Virtual reality (VR) is increasingly used in psychological research and applications – but does VR really afford natural human spatial perception/cognition, which is a prerequisite for effective spatial behavior? Using judgment of relative direction (JRD) tasks, Riecke & McNamara (Psychonomics 2007) demonstrated orientation-specific interference between participant’s actual orientation in an empty rectangular room and their to-be-imagined orientation in a previously-learned room. To test if VR yields similar interference, we replicated their study using a modified condition: We used an empty virtual (instead of real) test room presented on a 180°×150° video projection.

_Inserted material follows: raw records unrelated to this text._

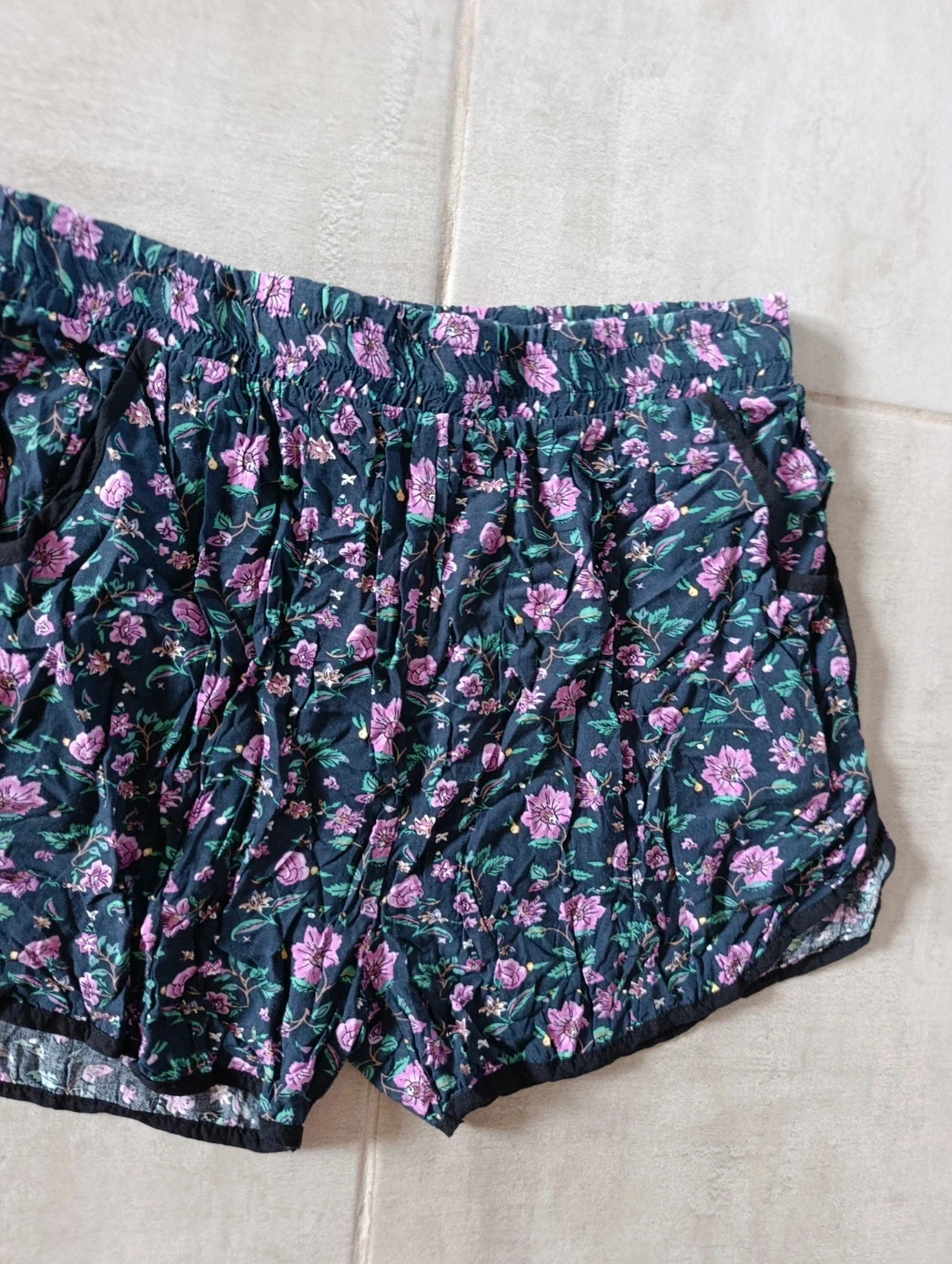Falda fluida VITA mujer T40 – 100% viscosa – Estampado floral negro, rosa y verde – Cintura elástica – photo 3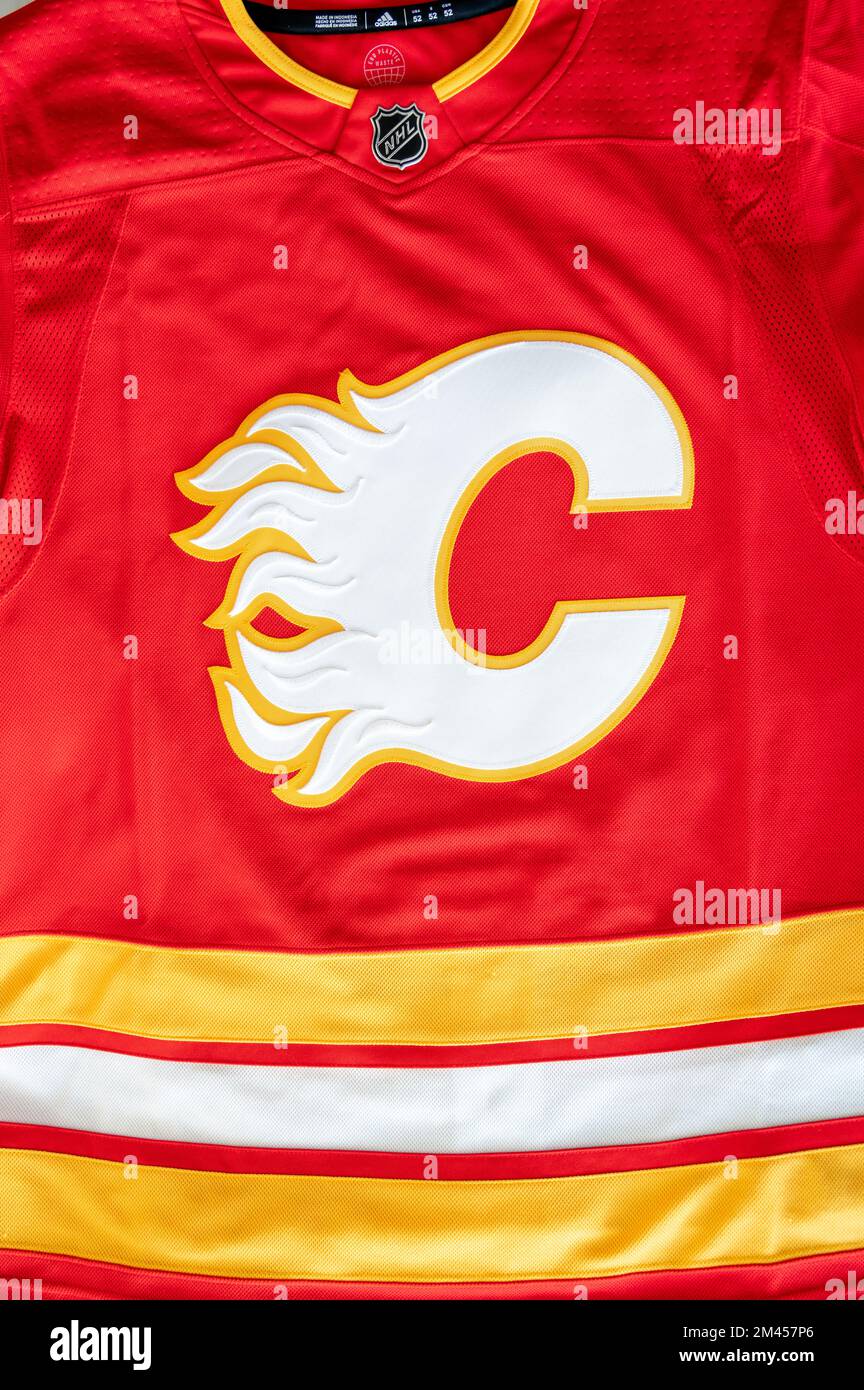 Calgary, Alberta - Dezember 2022: NHL-Hockeyteam, The Calgary Flames, Offizielles Trikot. Stockfoto
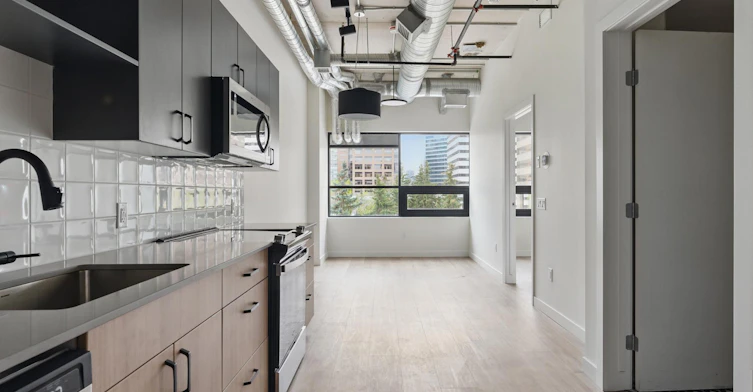 744 4 Avenue, Calgary, AB, T2P 3T4 - 13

After learning 15 target objects in a rectangular office, participants performed JRD tasks (“imagine facing X, point to Y”) while facing different orientations in the virtual test room.
Despite using identical procedures, seeing the virtual environment did not produce the same interference as a comparable real-world stimulus, suggesting qualitative differences in human spatial perception/cognition in real vs. computer-simulated worlds.
We are currently running follow-up studies to directly compare JRD performance in a real test room and a photo-realistic replica thereof, using our new 2560×1600 resolution Wheatstone Stereoscope. While some participants showed the expected effect in the real but not virtual environment, unexpectedly we also observed the reverse. We are currently running control studies to investigate potential underlying factors.